The off switch was actually factory installed. It's a wonderful thing to have! Good training taught your dog impulse control which is essential for all dogs.


----------



## dz0qp5 (Oct 12, 2004)

I went from having american line to WGSL. All of my AL were mellower easier as pups with lower drive. My WGSL has higher drive has more stable temperament with nerves of steel. Requires more mental and physical stimulation.


----------



## elisabeth_00117 (May 17, 2009)

We had WGSL before my current two who are working lines and a mix between showlines and working lines.

We were very lucky as our last two WGSL had a good amount of drive for IPO and agility. Temperament was excellent, solid dogs with hardness, good active aggression and able to be a part of the daily family life. Health was great.

If I cod replicate my last WGSL I probably would have another. Sadly, I don't think her type is common anymore.

Currently have a Czech/DDR/WG working line and my show/working mix with a new Czech puppy on the way in just a few short months (pup related to Zetti's male through sire).


----------



## car2ner (Apr 9, 2014)

Our boy is WGSL and he works great...when he wants to. He is just like my husband, pouring great effort into what he enjoys and using economy of energy for things not as interesting. He is confident and strong with a good sense of humor (you can't convince me dogs can't play jokes on us). He is curious and yes, can be protective. And he is gorgeous. He literally stops traffic. OK, hubby doesn't stop traffic with his looks...the comparison ends there. 

For IPO you will have to find something that is very valuable to your dog to get the focus you want. Food did not do it for us. Toys work better for holding my boy's attention.


----------



## Jenny720 (Nov 21, 2014)

We have presently have a two year old asl and a 6 month old wgsl. We have had a wl - karat in the past who lived till he was 12 years old. He was a pre engagement gift from my husband. He was 2 years old and trained we had no kids and I always wanted a dog like karat and the opportunity arose. I'm fan of all the lines which each so different. our working line was a incredibley calm in house and not hectic in anyway. Strong controlled drive. Karat completely ignored other dogs/animals/ other people as if they did not exist. very strong nerve, aloof, so disciplined well trained was incredibly confident and serious dog. He was a great dog always make me feel safe walking or going anywhere. We owned three cats which he completely ignored. Karat helped me find one of the cats that hid behind our washing machine on the wall during moving time. He liked his own space and gave the funny eye when it was invaded. Nail trims and ear cleanings were tough. Over the years as we seemed to have soften him up but still could never have get him to sleep in our bed-lol. So lucky to had owned such a incredible dog and to share our life with-such good memories. 

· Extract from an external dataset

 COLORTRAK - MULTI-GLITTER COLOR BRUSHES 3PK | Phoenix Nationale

We always said when the kids were older -I would have more time and energy to share we would get want to get another German Shepherd. . I wanted a trained older dog like Karat but with now kids we opted to get a puppy. Since I would be training this pup we decided to get a asl -Max who is presently 2 years old-which I find different. I am crazy about this dog though he is teaching me much. 

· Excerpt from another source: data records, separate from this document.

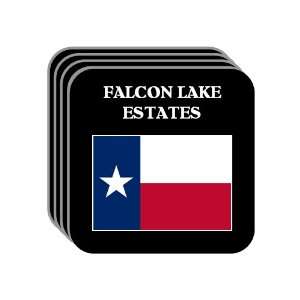 US State Flag   FALCON LAKE ESTATES, Texas (TX) Set of 4 Mini Mousepad 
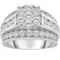 American Rose 10K White Gold 3 CTW Diamond Ring Size 7 - Image 1 of 4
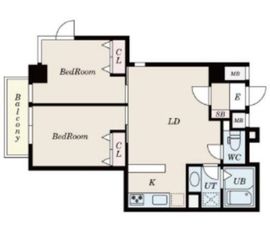 エスパシオ内藤町 101 間取り図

Max's demeanor is sweet, affectionate and charming and wants to be in the middle of all the family action not just watching but part of the action -which can be a pain in the butt even though i do love that most about him. Every morning I wake my daughter up who ignores her alarm clock and Max will wake from a dead sleep and follow me to my daughter's room every morning and will jump on her bed and give her kisses he does not miss a morning- he hates when the kids leave for school. Even though he lacks some discipline he is easily trained and incredibley smart I feel I do run out of things to teach him. Max is dog reactive. He is watchful of people and suscpcious of certain people. Close friends and family members he is a nusance with affection and gets excited when welcoming and such. Max has a very protective nature. I feel safe with him. He is incredibly active and is quite in the house. He will let me subtly know with glaring looks though if he might die if he does not get his training session mixed in with a game of fetching of the ball. He has a strong prey drive and he has a great nose. His favorite game is playing hide and seek with the kids. We are doing sheep herding and Noseworks and still waiting to do tracking i also would be interested trailing. 

Our pup Luna is a wgsl. The only line we did not have. Max keeps us very busy and active so I felt a wgsl would be a good match for us. Luna is still a pup so we learning about her. The first night we brought her home she did not even cry in the crate. When we took Luna for a car ride crated in the back and she would be so quiet it would be easy to forget she was there. She is super sweet , incredibly affectionate , social and loves kids. She is very disciplined I noticed that as a young pup and a fast learner. An easy puppy and seems more independent. Easiest pup doing her nails she took to the dremel right away almost seems to enjoy getting fussed over. Luna is pup so tireless but does know how to quiet down. Luna fit right in on day one and also made the transition and change easy for everyone. We are starting nose works with her in a few weeks. Max and Luna get along incredibly well and enjoy watching them have fun together. 

We also all live peacefully with a 7lb chihuahua one cat a bunny and parakeets.


----------



## kimbale (Mar 7, 2017)

Loving all the feedback and posts and its reinforcing what I've read and been told about the WGSL. The litter I'm getting my pup from is 10 puppies with 7 males, so I've got a lot to choose from and will be looking for a boy that has good drive but isn't over the top. The sire is a solid working dog and competes in schutzhund, I've seen him work and he's got the temperament I want. Good drive but also a great family dog. 

My WL has crazy drive and I love her for it. She doesn't stop until her task is complete and is very responsive to food and toy rewards. She'll chase a ball until she collapses. But she's also stellar in the home and so gentle with kids and small dogs. She will be a great big sister and show the pup the ropes. I kind of feel like I got everything I wanted in a WL so why get another just yet? I'm sure I'll have another one on down the line (there will always be at least one, if not two Shepherds in my home), but I'm excited to experience the WGSL.

Plus, the lines this pup comes from are filled with show stoppers. Great dogs, lots of well known producers and just drop dead beautiful.


----------



## zetti (May 11, 2014)

car2ner said:


> Our boy is WGSL and he works great...when he wants to. He is just like my husband, pouring great effort into what he enjoys and using economy of energy for things not as interesting. He is confident and strong with a good sense of humor (you can't convince me dogs can't play jokes on us). He is curious and yes, can be protecftive. And he is gorgeous. He literally stops traffic. OK, hubby doesn't stop traffic with his looks...the comparison ends there.
> 
> For IPO you will have to find something that is very valuable to your dog to get the focus you want. Food did not do it for us. Toys work better for holding my boy's attention.


Oh yes. There absolutely is such a thing as Dog Jokes! I've had two jokesters in my life--so much fun!


----------



## zetti (May 11, 2014)

elisabeth_00117 said:


> We had WGSL before my current two who are working lines and a mix between showlines and working lines.
> 
> We were very lucky as our last two WGSL had a good amount of drive for IPO and agility. Temperament was excellent, solid dogs with hardness, good active aggression and able to be a part of the daily family life. Health was great.
> 
> ...



I can't wait for your puppy to get here either!


----------



## elisabeth_00117 (May 17, 2009)

Right now I'm kinda happy I still have a few months as I am prepping and preparing to do both my IPO1 and IPO2 with Zefra.

I am excited to bring her home and start a new puppy but also remember how completely nutty Zefra was until 2 years old and am both thrilled and scared..Lol.


----------